原文地址: http://blog.csdn.net/wangjia184/article/details/17919667
突然来了这样一个任务:当用户从非欧洲外国家访问时,采用CDNetworks;而该CDN流量费过于昂贵,当用户从欧洲访问的时候要求采用欧洲本地另一个CDN。为了避免改动太多现有代码,最简单的方式就是通过HttpModule在IIS服务器返回HTTP响应前对查找到内容中的资源url域名并进行替换。
这个问题初看上去很简单,但其实上有很多麻烦。
原文地址: http://blog.csdn.net/wangjia184/article/details/17919667
1. 分隔的chunk
服务器在返回的时候是将响应分隔成了多个chunk,那么有可能目标字符串被分隔到了2个chunk中。

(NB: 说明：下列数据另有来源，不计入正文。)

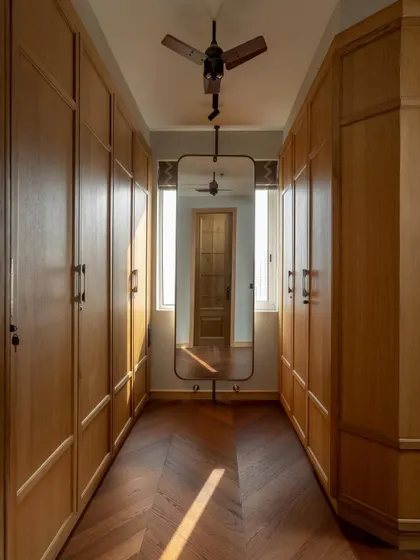 A walk-in closet in the Aalay residence, where natural light from flanking windows illuminates the warm wood cabinetry. We designed this space for function and flow, with a full-length mirror that enhances the sense of depth and utility.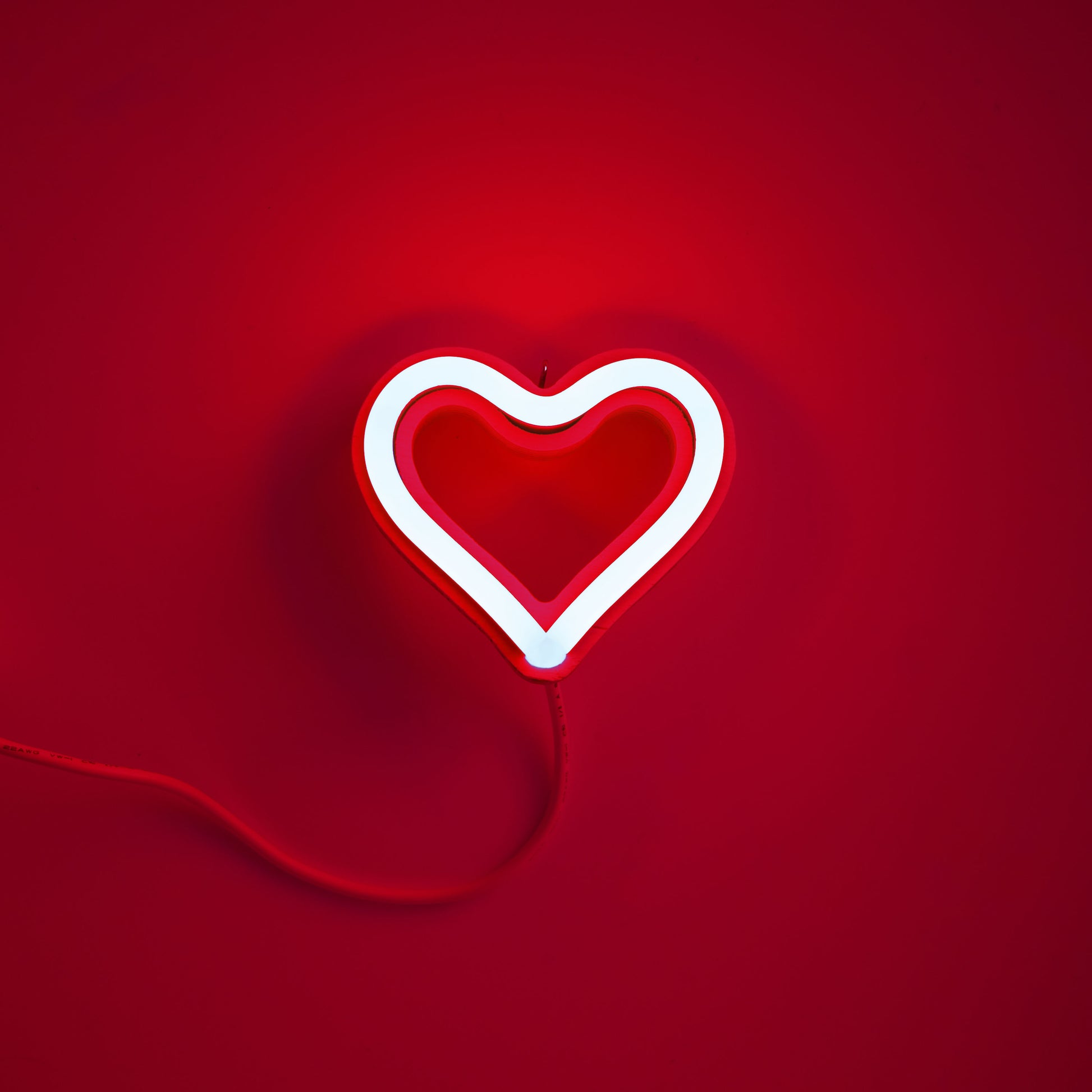 Red neon heart ornament glowing on red background - 3.5 inch LED neon ornament by Our Glowing Hearts handmade in Canada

例如,//static.xxxxxxxx.com是查找的目标字符串,可能分布成下图的情况,这给查找带来了很大的不便。
2. 性能
因为这个处理过程会针对所有响应触发,因此应该采用最高效的方式实现,否则对性能的影响很严重。
在Rick Strahl的《Capturing and Transforming ASP.NET Output with Response.Filter》一文中,为了解决第一个问题,他采用托管的HttpModule, 在将多个chunk合并到一起后再进行处理。这样虽然解决了问题,但是对性能造成很大的不利影响。实际上如果某个chunk中没有出现目标字符串的情况下可以完全不用进行处理。

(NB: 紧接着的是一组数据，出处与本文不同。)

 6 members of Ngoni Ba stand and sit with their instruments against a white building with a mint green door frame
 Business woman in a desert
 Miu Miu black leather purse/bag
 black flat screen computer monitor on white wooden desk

其次,对于字符串的查找可以使用更高效的Boyer-Moore算法。
最后,我决定使用非托管代码实现,这样的话效率是最高的。
工程搭建.
从IIS7开始,非托管Module从以前的ISAPI变成了C++ Module, 首先下载
IIS7 Native API (C++) Starter Kit
HRESULT
__stdcall
RegisterModule(
DWORD dwServerVersion,
IHttpModuleRegistrationInfo * pModuleInfo,
IHttpServer * pHttpServer
)
{
HRESULT hr = S_OK;
CPostProcessHttpModuleFactory * pFactory = NULL;
if ( pModuleInfo == NULL || pHttpServer == NULL )
{
hr = HRESULT_FROM_WIN32( ERROR_INVALID_PARAMETER );
goto Finished;
}
// step 1: save the IHttpServer and the module context id for future use
g_pModuleContext = pModuleInfo->GetId();
g_pHttpServer = pHttpServer;
// step 2: create the module factory
pFactory = new CPostProcessHttpModuleFactory();
if ( pFactory == NULL )
{
hr = HRESULT_FROM_WIN32( ERROR_NOT_ENOUGH_MEMORY );
goto Finished;
}
// step 3: register for server events
// TODO: register for more server events here
hr = pModuleInfo->SetRequestNotifications( pFactory, /* module factory */
RQ_SEND_RESPONSE /* server event mask */,
0 /* server post event mask */);
if ( FAILED( hr ) )
{
goto Finished;
}
pFactory = NULL;
Finished:
if ( pFactory != NULL )
{
delete pFactory;
pFactory = NULL;
}
return hr;
}
其中最重要的是 SetRequestNotifications 的调用,它注册需要处理的事件。这里你需要了解在integrated pipeline模式下 各事件的含义及触发顺序。因为需要修改返回,注册对 RQ_SEND_RESPONSE消息的侦听就可以了。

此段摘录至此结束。